セディバ猿人は樹皮を食べていた?






200万年前の歯に残っていたわずかな食べ物が、人類の祖先に木の皮を食べる者たちがいたことを示しているとする研究が発表された。





音史のブログ-セディバ猿人

南アフリカの発掘地点付近に置かれたアウストラロピテクス・セディバ(セディバ猿人)の

少年の頭蓋骨。左下枠内はセディバ猿人の歯。



Photograph by Brent Stirton, National Geographic; Photograph (inset) courtesy Amanda Henry






 人間の初期の祖先で樹皮の証拠が見つかったのはこれが初めて。アウストラロピテクス・セディバ(Australopithecus sediba、セディバ猿人)の生活は、森林との関係がより深い、チンパンジーに近いものだったことをうかがわせる。同時代にいた他のヒト属(ホミニン)たちは主にサバンナの草を食べていたと考えられている。



 セディバ猿人は、南アフリカ共和国で2008年に見つかった保存状態のよい大人の女性と少年の化石から確認された。



 今回の研究の主著者でドイツ、マックス・プランク進化人類学研究所の古生物学者アマンダ・ヘンリー(Amanda Henry)氏はこう話す。「(化石の)2人はくぼみに落ちたのだろう。そして間もなく微細な粒子の堆積物に覆われ、酸欠状態に陥ったのだと思う。そのため、バクテリアも分解もほとんどなく、大気との交わりはもちろんなかった」。



 このような空気に触れない環境がめったにない保存状態を生み出し、歯垢に混じっていた植物組織の微細な小片まで化石化して残ることになった。



 これは植物の表皮細胞などに形成される非結晶含水珪酸体で、プラントオパール(植物オパール)と呼ばれる。研究チームは、プラントオパールの同位体などの性質を現代のものと比較することで、それぞれがどの植物部位に由来するものかを特定することができた。これにより、実、葉、そして樹皮などの食べ物が明らかになった。



 植物の種類を特定できた例もある。例えば「ヤシのプラントオパールがあった」とヘンリー氏は話す。「ヤシの実なのか葉なのか、あるいは他の部位なのかは区別できなかったが、ヤシの仲間に由来することは間違いなく同定できた」。



◆サルの側面、ヒトの側面



 今回の調査結果は、樹皮を食べることがある現代のチンパンジーやゴリラと同様に、セディバ猿人が森林の環境で餌を探すのを好んだことを示している。

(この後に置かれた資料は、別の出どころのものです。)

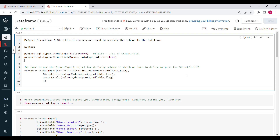Hi everyone, in this video we will see how we can quickly create a DataFrame for testing using PySpark StructType, StructField, and Row classes. Let's see an example of each of these.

 ヘンリー氏は、「私はこう解釈する。およそ200万年前、われわれの祖先と親類はさまざまな環境とそこでの行動を試していた」と話す。



 セディバ猿人はチンパンジーのように、木に登り簡単な道具を使って食べ物を採ったのではないか。化石はこれを支持している。彼らは、サルのように腕が長く、木に登るのに適した手首をもち、石の道具を作るのに必要となる人間に近い「精密把握」ができた。

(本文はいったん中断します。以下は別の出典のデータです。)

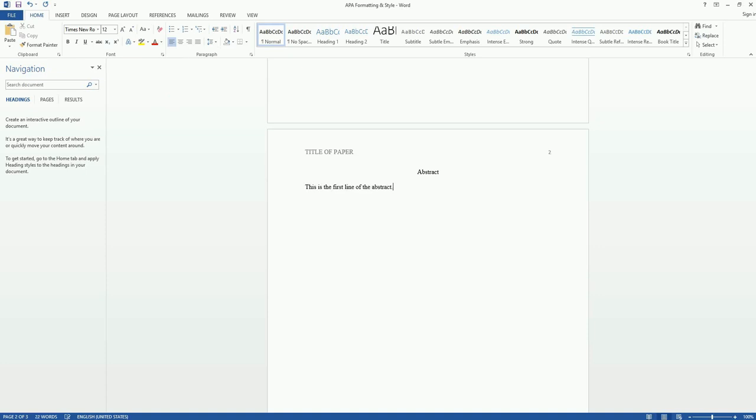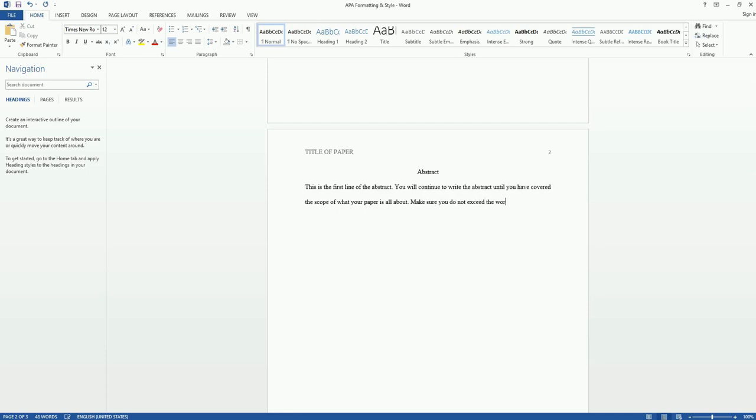So this is basically what your abstract will look like, except it will be a little bit longer. If you're still in the process of writing your paper, I suggest creating an abstract page as a placeholder and coming back later to write the abstract.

「ゴリラのような猿人、チンパンジーのような猿人が思い描ける」とヘンリー氏。「しかし、同時に間違いなく2足歩行であり、もう少しわれわれに似ている」。



 そして、新しい食物を試すことは、ホモ・エレクトスなど初期のヒト属が成功する重要なカギだったのではないかとヘンリー氏は推測している。ホモ・エレクトスは、わかっている限りヒト属で最初に長い足と短い腕を獲得した。



「180万年前までに、ホモ・エレクトスはさまざまな環境で生き延びられるようになっていた。ホモ・エレクトスはアフリカを出発し世界中に広がる。しかしその少し前には、より小さな環境とニッチに適応したさまざまな種がいた」。



◆プラントオパール:新しい研究ツール



 このプロジェクトには参加していないスミソニアン研究所のプラントオパール専門家ドロレス・ピペルノ(Dolores Piperno)氏は、今回のセディバ猿人の歯の研究は「とてもうまく行った。結論は強力であり、今後の研究のための重要な先行研究だ」と話す。



 ピペルノ氏はさらに、今回の研究は初めて、セディバ猿人のような古い生物の食べ物を調べるのに、プラントオパールを使うことに成功したのだと語っている。同氏は、ワシントンD.C.にある国立自然史博物館に所属する植物考古学者だ。



 プラントオパールはこれまで、ネアンデルタール人や現生人類の、植物の栽培が始まった頃の食べ物について手がかりを集めるのに使われたことがあったが、これは人間の進化の歴史の中では比較的最近の出来事だ。



 論文の執筆者であるヘンリー氏は、セディバ猿人でテクニックを証明したので、これを使って他の初期ヒト属の食べ物を研究したいと話す。時間を無駄にするつもりはなく、「今年の夏は南アフリカに行き、こうしたデータの収集を開始する」という。



 今回の研究結果は、6月27日に「Nature」誌オンライン版で公開された。